Moreover, David Childs knows what he is talking about. The global managing partner of Clifford Chance presides over a London-based worldwide law firm - and his clients are looking anew at their relationship with London and Britain as an international financial centre.
Put bluntly, they are thinking of upping sticks and moving. The sudden changes to taxation of non-domiciled UK residents caused some disquiet; capital gains tax upheavals lifted that to real unease; and the latest proposals to taxation of companies' overseas earnings is threatening to turn chatter into change.
“The worry is people can move quite easily. Setting aside Northern Rock and financial regulatory issues, you have to remember that what made London international was its timezone. There are a number of factors for deciding on having a headquarters here and one of those is tax. We have known for a while that quality of life, transport and infrastructure have all been negatives. In the past we have not worried about tax systems being a disincentive. Now the real worry is that government may make tax a disincentive.”
Why is Mr Childs so concerned? Clifford Chance is the world's largest law firm, it was the first to break the £1 billion mark for annual turnover two years ago and if it wants to retain that pre-eminence and double turnover during the next decade, then it is Mr Childs's job to prepare for his clients' changing aspirations.
“We know that a number of UK multinationals are thinking of leaving the country - moving their headquarters out with their tax base,” he said. “Often they go hand in hand.”
Well, not quite, or at least not yet: so far only United Business Media, the publisher, and Shire, Britain's third-largest drugs company, have acted on their promise to move their tax domicile from the UK to the Republic of Ireland, but neither has moved its headquarters outside Britain. Other businesses, including Aberdeen Asset Management, the fund manager, and WPP, the world's second-largest media and advertising group, have said that they are considering moving their tax domicile outside the UK.
Moving headquarters overseas would be much more serious. Such a move would have a far greater effect on the jobs market and the wider economy, not to mention the country's corporate tax take.
Last week Michael Geoghegan, group chief executive of HSBC, said that his bank kept a regular review on where it should be headquartered.

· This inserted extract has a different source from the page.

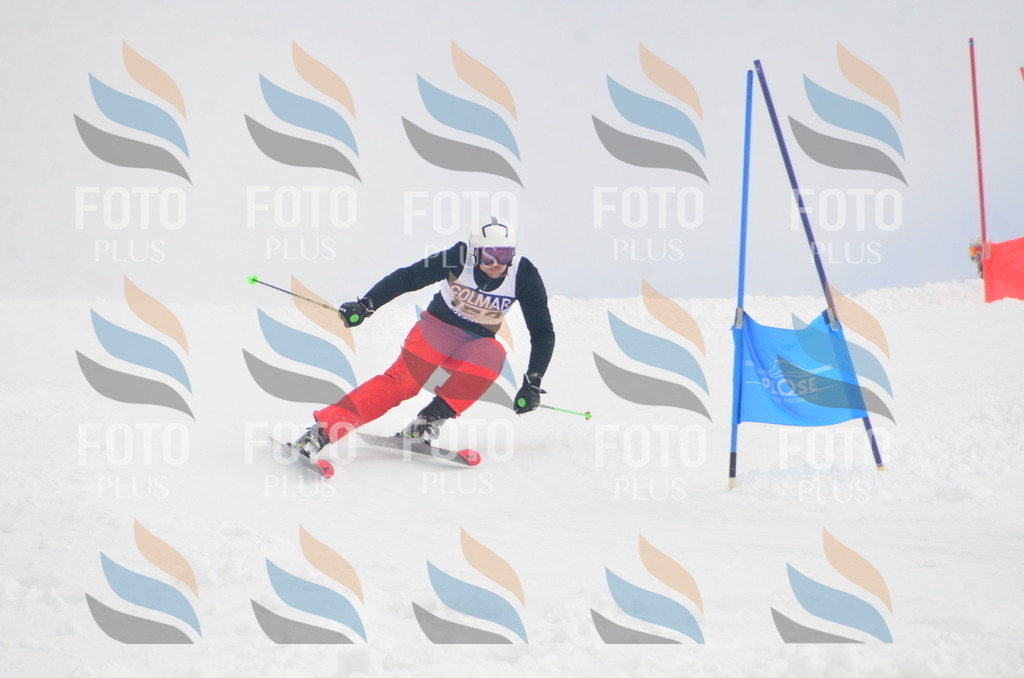 A6260 | holidayphoto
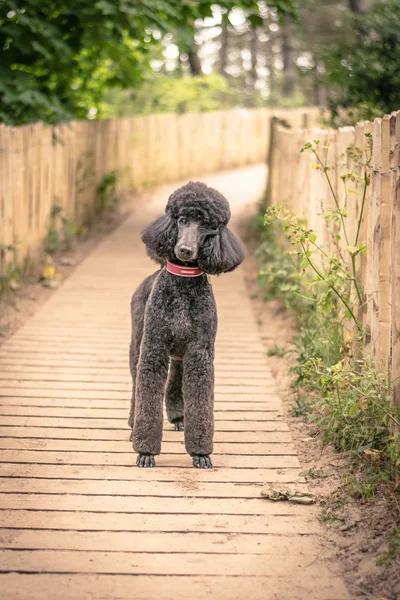 Oldukça bakımlı gri standart kaniş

Did that mean that Europe's largest financial services company would move its global headquarters from Canary Wharf to Hong Kong? The bank is building giant new offices in Shanghai. The City speculated widely, if gloomily.
Mr Childs declines to name which of his firm's clients are thinking of moving HQ from London, but the switching focus of international finance from West to East is forcing Clifford Chance to re-evaluate the long-term centrality of London for its legal partnership.
“People who think of moving resources to London will think again,” he said. “What you don't see is those people who chose not to move to the UK who otherwise would have done. I think the warnings given by the CBI, by Richard Lambert [its Director-General], are right. Tax is becoming a bigger issue. People are in the UK notwithstanding the poor infrastructure.”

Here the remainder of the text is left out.